I am trying to parse some not-complicated RSS html content in iphone.
So I don't need a heavy HTML parser.
I have searched here and found these two:
https://github.com/topfunky/hpple
https://github.com/zootreeves/Objective-C-HMTL-Parser
Both are simple to use. But I guess they have their problems for my purpose.
For TFHpple, it is good, but for every element, it does not have the complete HTML <> with itself. for example, element doesn't have this complete tag string. I need this complete tag string, because I need to remove it from the whole HTML string. I would be more convenient for me if element has that.
For zootreeves HTML-Parser, it is also simple and good. And it has the complete tag string with every element. I am very happy. However, it seems to be a big memory-comsumer. I monitored it.
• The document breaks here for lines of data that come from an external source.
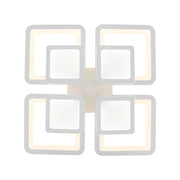 LED πολυέλαιος με τηλεχειριστήριο σουσάμι, 77W, 4 τετράγωνα, κρύο/ζεστό/ουδέτερο φως, ασταθές, λευκό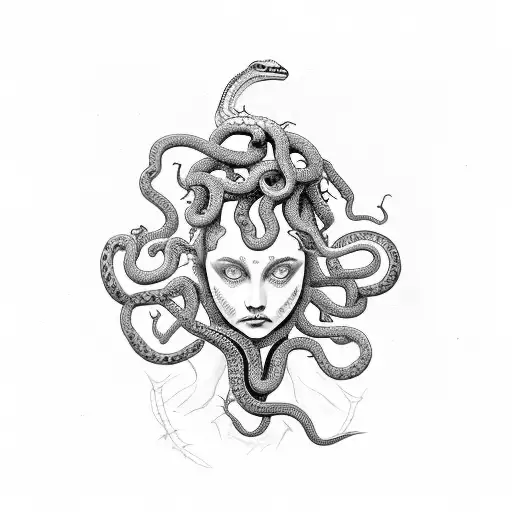 Medusa head plants intertwined with snakes  tattoo design idea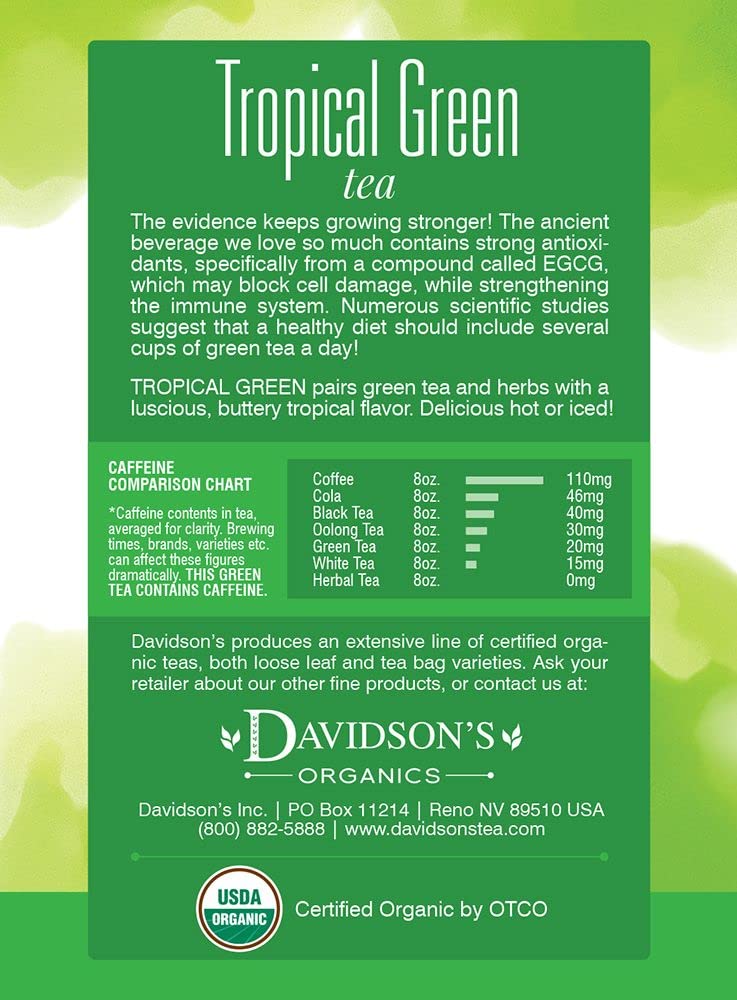 Davidson's Organics, Tropical Green Tea, 8-count Tea Bags, Pack of 12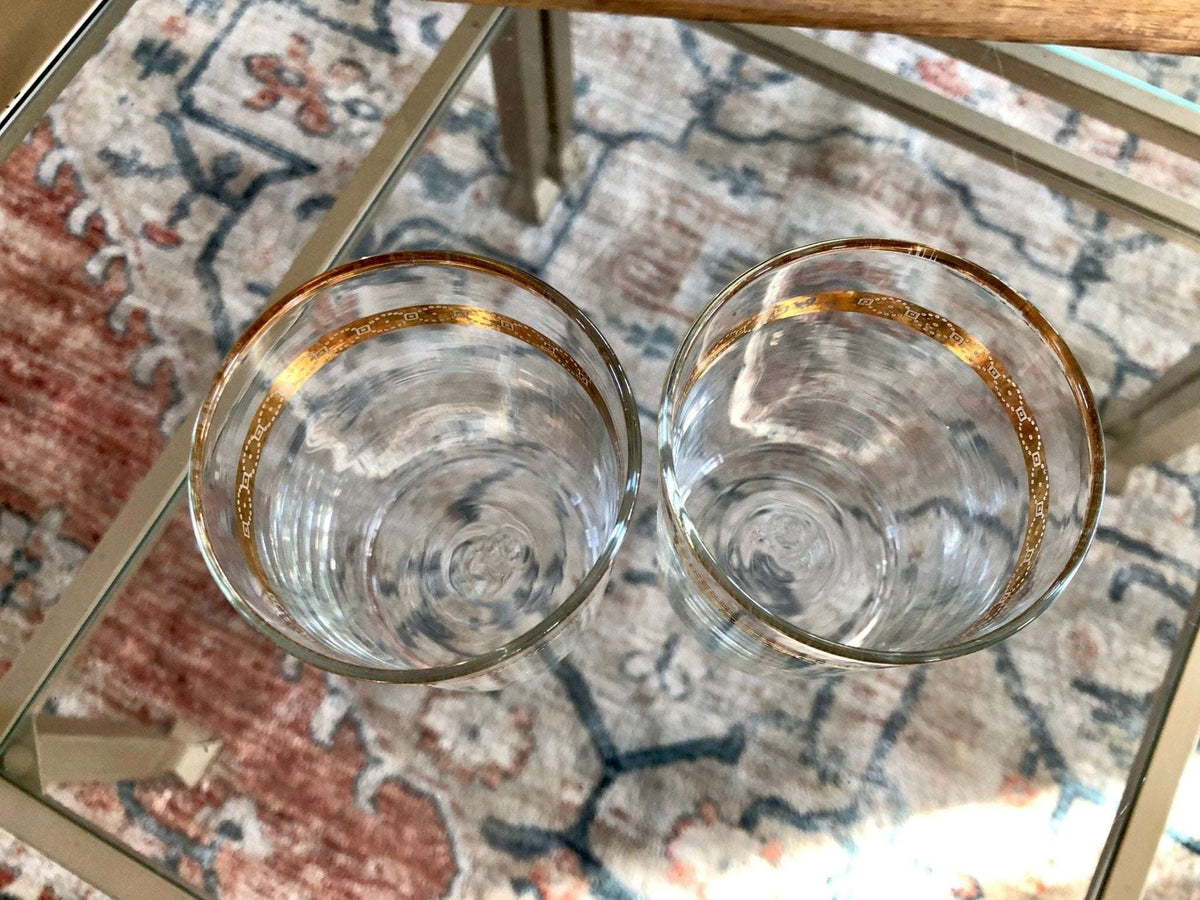 Vintage gold rimmed juice glasses, pair, photo 9 of 10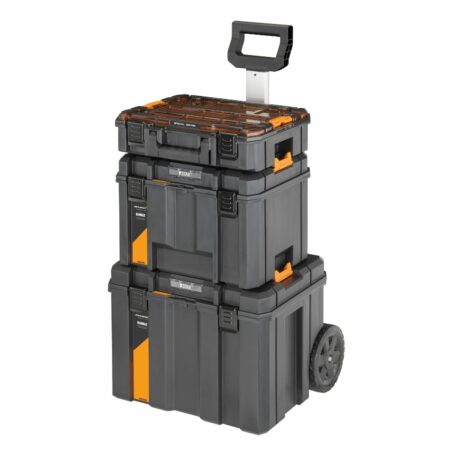 Torre DeWALT DWST60452-1 TSTAK McLaren con módulos apilados y ruedas de gran diámetro.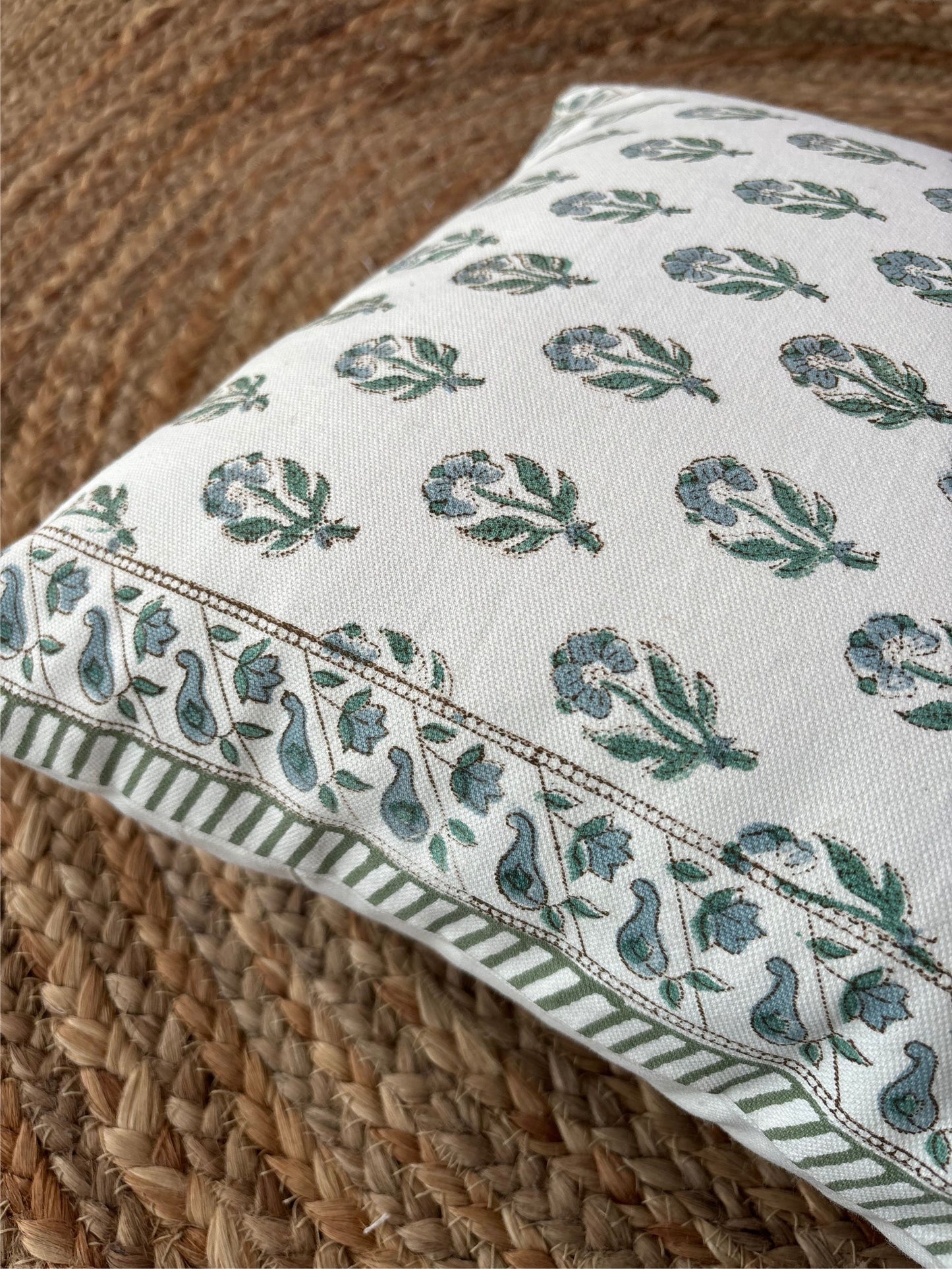 Sage Bloom Canvas Cushion Cover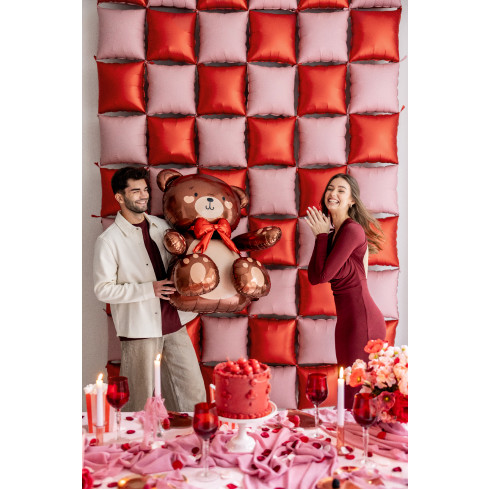 Velik folijski balon Medvedek z mašno 75 x 84 cm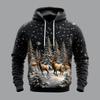 Santa Claus Reindeer 3D Printed Hoodie Men's And Women's Autumn And Winter Fashion Casual Pullover Christmas Holiday Party Top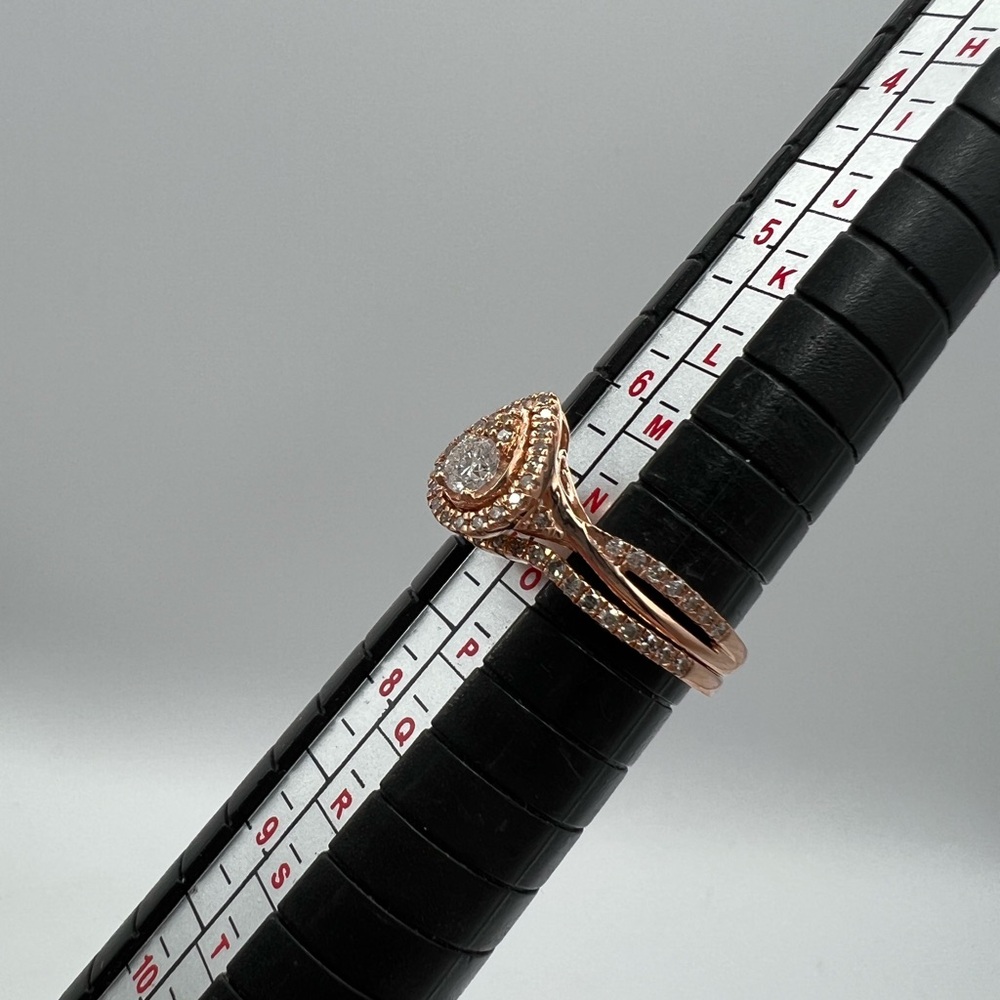 10K Rose Gold 1/2 CTTW Diamond Bridal Ring Brilliance Fine Jewelry Forever Bride - Picture 8 of 10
If I try to parse a big number of HTML fragments (say, 1000), the memory it will cost and stays occupied is like 40MB. It is not applicable for ios devices. zootreeves is using pure C codes and linked-list to organise the tree structures of the HTML, I guess. and it uses pure malloc and free for memory. I don't know whether that will affect ios memory.
So, anyone can recommend a state-of-art better and fast and simple HTML parser for iOs for me?
Thanks
I'd use libxml2. It's not just for xml; it has an HTML parser too. It's fast and low-memory and is available in iOS. The only drawback is that it's a C-based API, but for all that it's not terribly difficult to work with.
Update
In response to the first comment below: It's been awhile, so I'm not sure, but I don't think so. What you get is a data structure with lots of information about the document structure, and each tag has a list of attribute/value pairs. Nowhere is the original html string stored (I presume that this is considered redundant and is not done to save memory).
However, it doesn't seem like you actually need it for what you want to do. It seems to me that you are using information from the parser to modify the original string, stripping out HTML tags. What you want to do instead is to rebuild the document using information from the parse tree, and when you do this, leave out the tags you want omitted.